Data below >>
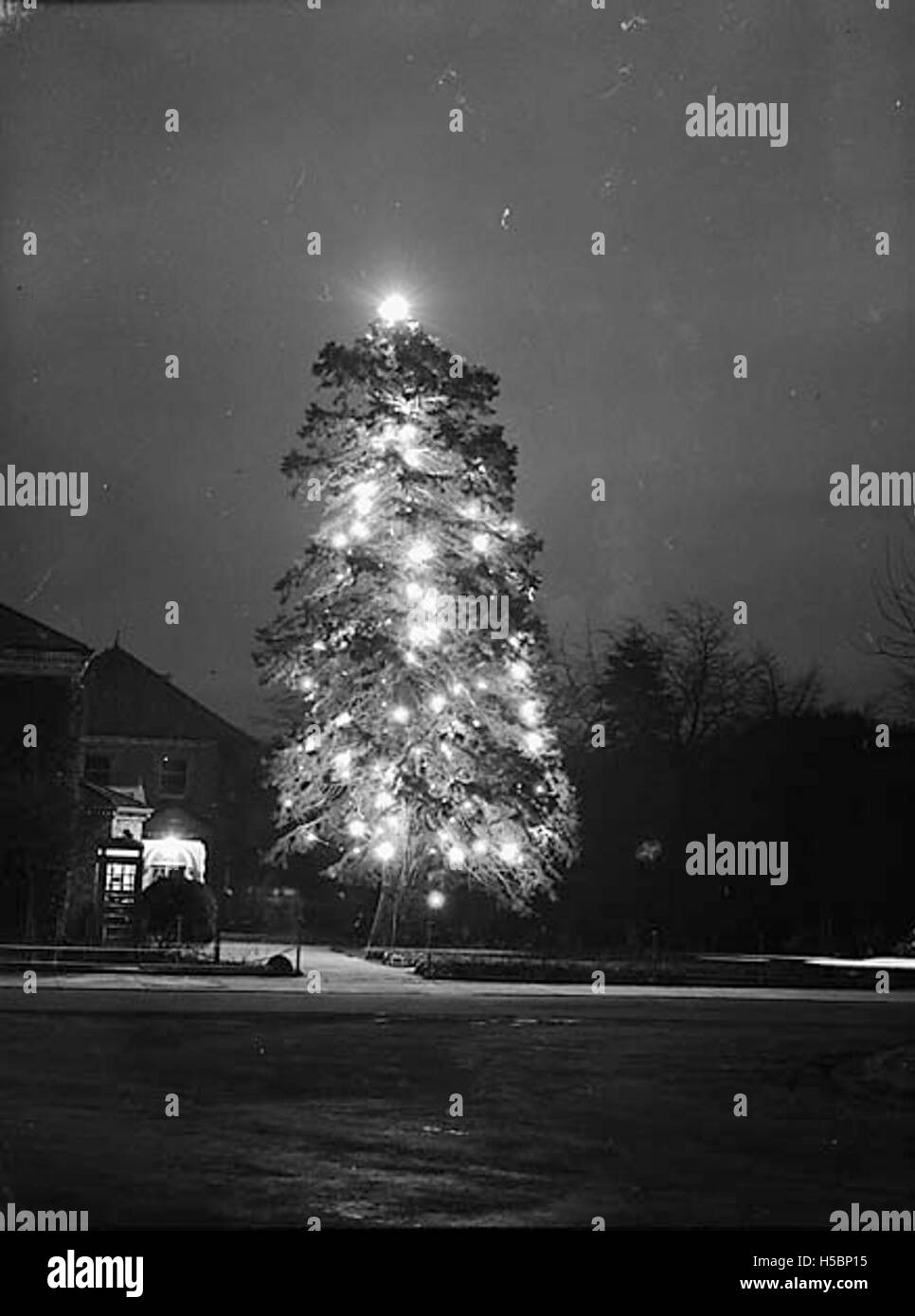 Wells square Black and White Stock Photos Images Alamy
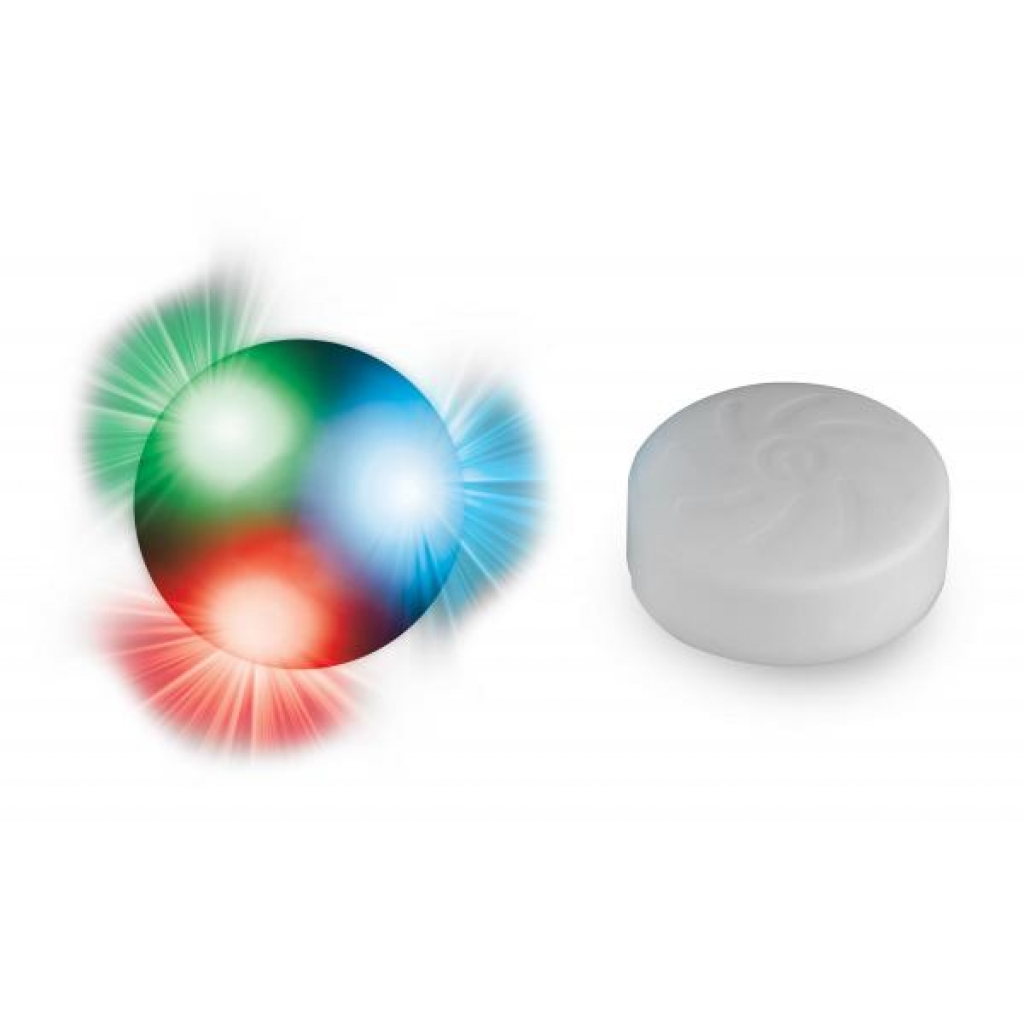 Light Up LED Disc - 2-Pack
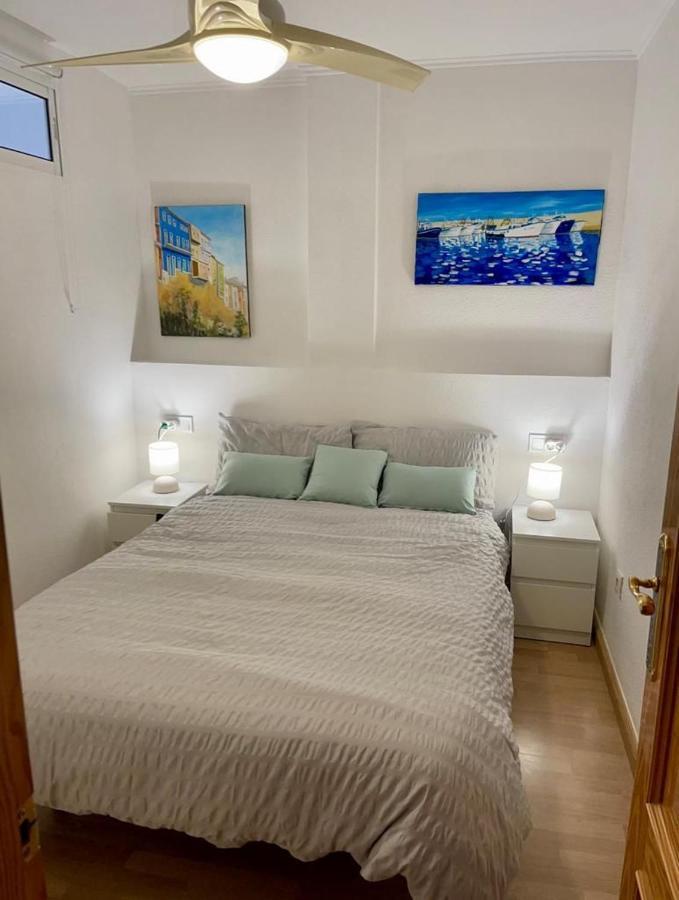 Apartamento La Nina, La Playa Paraiso A 100 Mts. Villajoyosa Kültér fotó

Activity >> Would you give the data above again word for word, minus the pictures?

Solution for this exercise >>
 Wells square Black and White Stock Photos Images Alamy
 Light Up LED Disc - 2-Pack
 Apartamento La Nina, La Playa Paraiso A 100 Mts. Villajoyosa Kültér fotó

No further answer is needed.